Other articles in this series consider:

A definitional framework for wellbeing

Individual wellbeing

Family wellbeing

Societal wellbeing

There is no accepted, universally used definition of ‘community wellbeing’ or a definitive set of community wellbeing indicators in use. However, community wellbeing can be defined as a concept meant to recognise the social, cultural and psychological needs of people, their family, institutions and communities. This definition clearly extends beyond subjective wellbeing and implies consideration of health, poverty, transportation and economic activity, environmental and ecological factors. Kusel (1996) reflected on concerns as to how a community might heal itself to meet the needs of its residents. This ability is conceptualised as ‘community capacity’ composed of the following components:

  • physical capital.
  • human capital.
  • social capital.

Community capacity was identified as an important factor influencing community wellbeing, while Doak and Kusel (1996) define wellbeing as a function of both socio-economic skills and community capacity. Their work shows that communities with a high socio-economic status do not necessarily have a high community capacity.

Communities can be defined in many ways, and individuals and families can belong to many overlapping and distinctive communities at the same time.

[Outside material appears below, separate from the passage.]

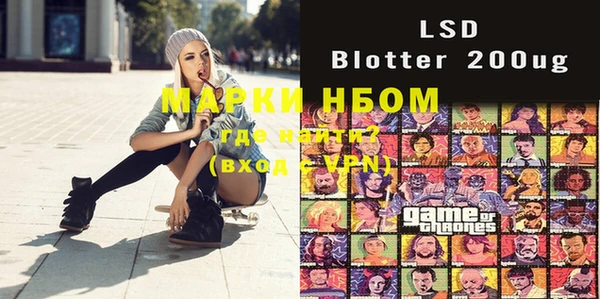 мефедрон Лихославль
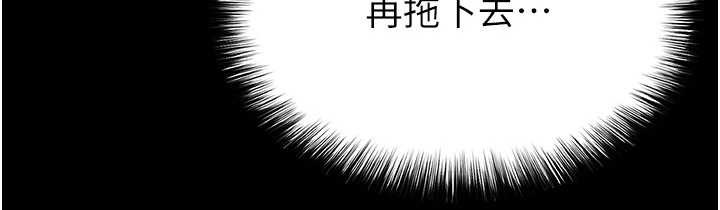 末日鵰堡第59話-把妳改造成行走飛機杯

Identification with communities is a source of social, psychological, spiritual/moral and physical wellbeing to individuals and families. The wellbeing of particular communities could be adversely affected by external sources and events that can undermine their economic viability, physical security or psychological wellbeing to an extent that the community concerned will find it difficult to experience a high level of wellbeing or, in extremes, to survive.

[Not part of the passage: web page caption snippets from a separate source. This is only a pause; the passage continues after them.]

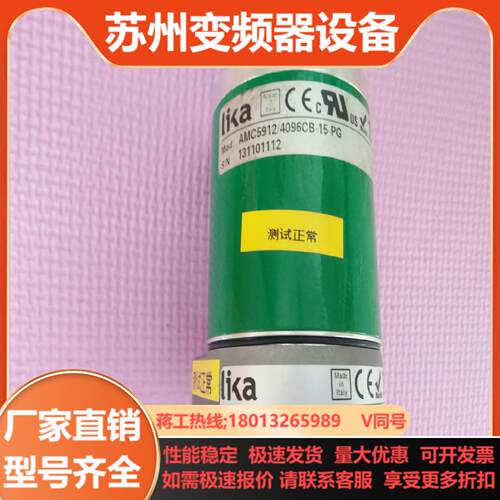 AMC59124096CB-15-PG本商品售出后不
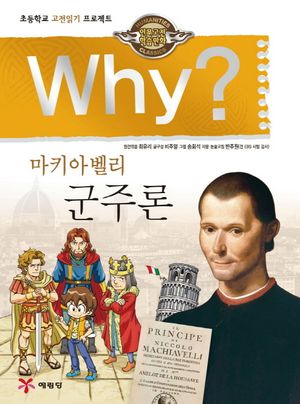 Why? 마키아벨리 군주론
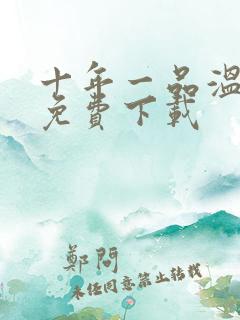 十年一品温如言免费下载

‘Community’ has been found to be an influential factor in the success of an intervention, even for interventions purely on the family level, such as parenting classes. These community influences are thought to come about via:

  • institutional resources (the quality, quantity and diversity of the learning, recreational, social, educational and health resources of a community).
  • relationships and community ties.
  • norms and collective efficacy.


Doak, S. and Kusel, J. (1996) ‘Well-being in forest dependent communities, Part II: A social assessment focus’, in Sierra-Nevada Ecosystem Project: Final Report to Congress, Vol. II, Assessments and scientific basis for management options. Centers for Water and Wildland Resources, University of California.

Kusel, J. (1996) ‘Well-being in forest-dependent communities. Part I: a new approach’ (pp. 361–73), in Sierra Nevada Ecosystem Project. Sierra Nevada Ecosystem Project final report to Congress: status of the Sierra Nevada. Centers for Water and Wildland Resources, University of California.